The Picture of Dorian Gray & Cecil Dreeme - Classic Gay Novels
The Picture of Dorian Gray – The novel tells of a young man named Dorian Gray, the subject of a painting by artist Basil Hallward. Dorian is selected for his remarkable physical beauty, and Basil becomes strongly infatuated with Dorian, believing that his beauty is responsible for a new mode of art. The Picture of Dorian Gray is considered one of the last works of classic gothic horror fiction with a strong Faustian theme. It deals with the artistic movement of the decadents, and homosexuality, both of which caused some controversy when the book was first published. However, in modern times, the book has been referred to as "one of the modern classics of Western literature.

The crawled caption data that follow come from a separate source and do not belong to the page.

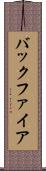 バックファイア Scroll
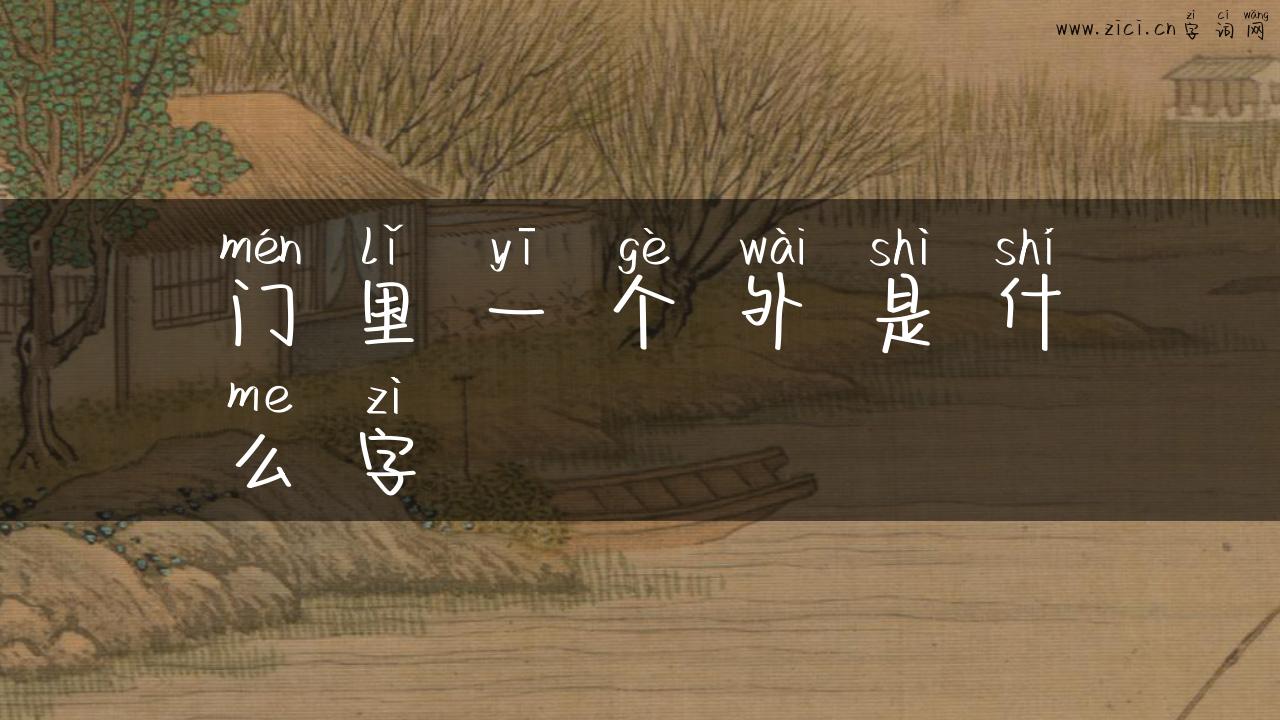 门里一个外是什么字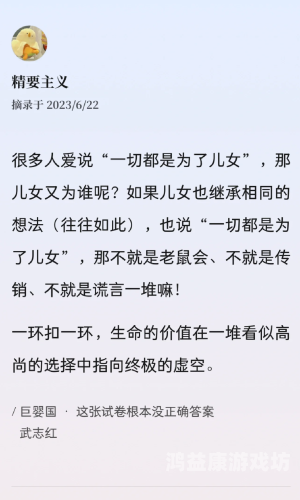 国产母婴文化新风尚，背后故事揭秘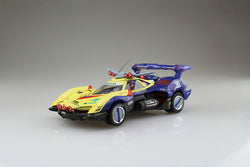 1/24 ASURADA G.S.X RALLY MODE. Model Kit (ONLINE ORDER ONLY)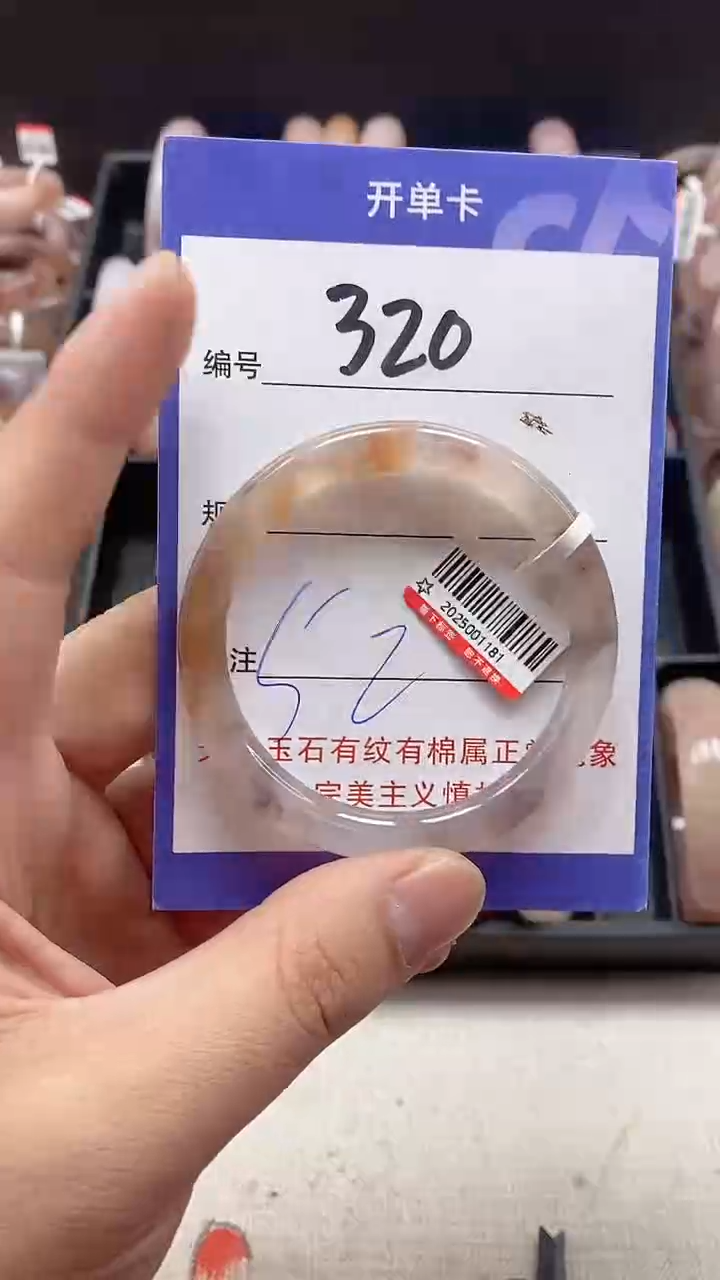 【闪购商品】石英质玉手镯未镶嵌320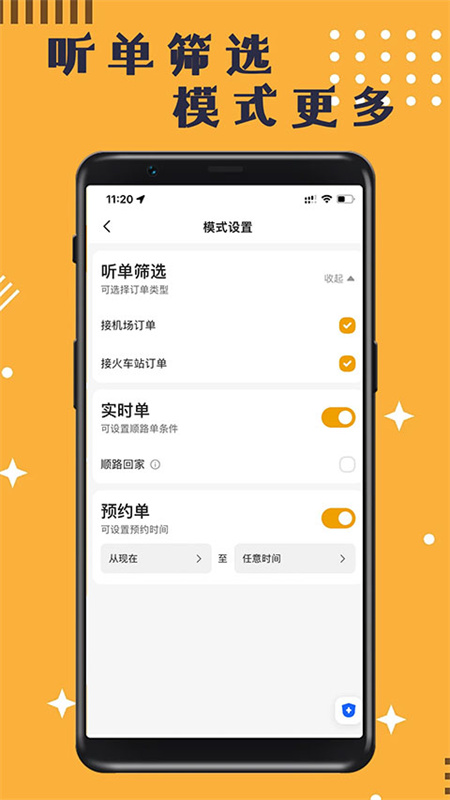 蓉橙出行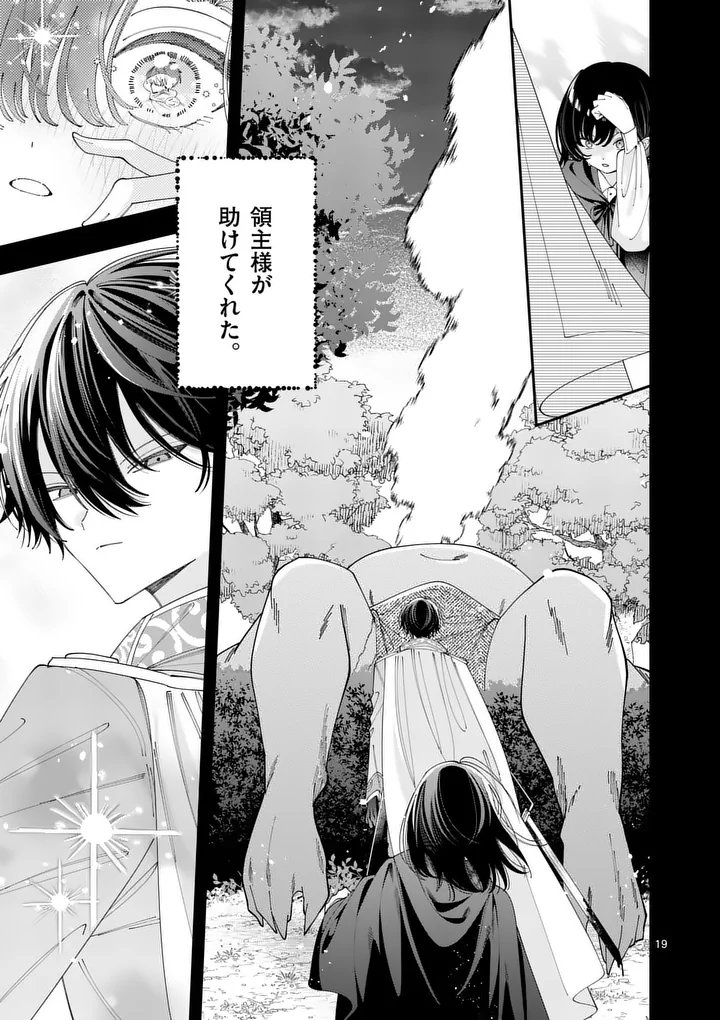 Ohariko Reijou to Koori no Hakushaku no Shiroi Kekkon Chapter 20.2 4ページ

Cecil Dreeme – Robert Byng has recently returned from his Grand Tour of Europe to settle in New York City. An old friend lends Byng his rooms at Chrysalis College (an equivalent of real-life New York University, perhaps also partially modelled on the Tenth Street Studio Building). It is there that Byng meets his mysterious and reclusive neighbor Cecil Dreeme, and the two strike up a romantic friendship. However, Byng is also tempted by the villainous Densdeth, who seems to want the protagonist to fall into a life of unspecified sin and debauchery. Published posthumously by the author's friend George William Curtis in 1861, Cecil Dreeme has been called "one of the queerest American novels of the nineteenth century" by scholar Peter Coviello, and it addresses themes of gender and sexuality.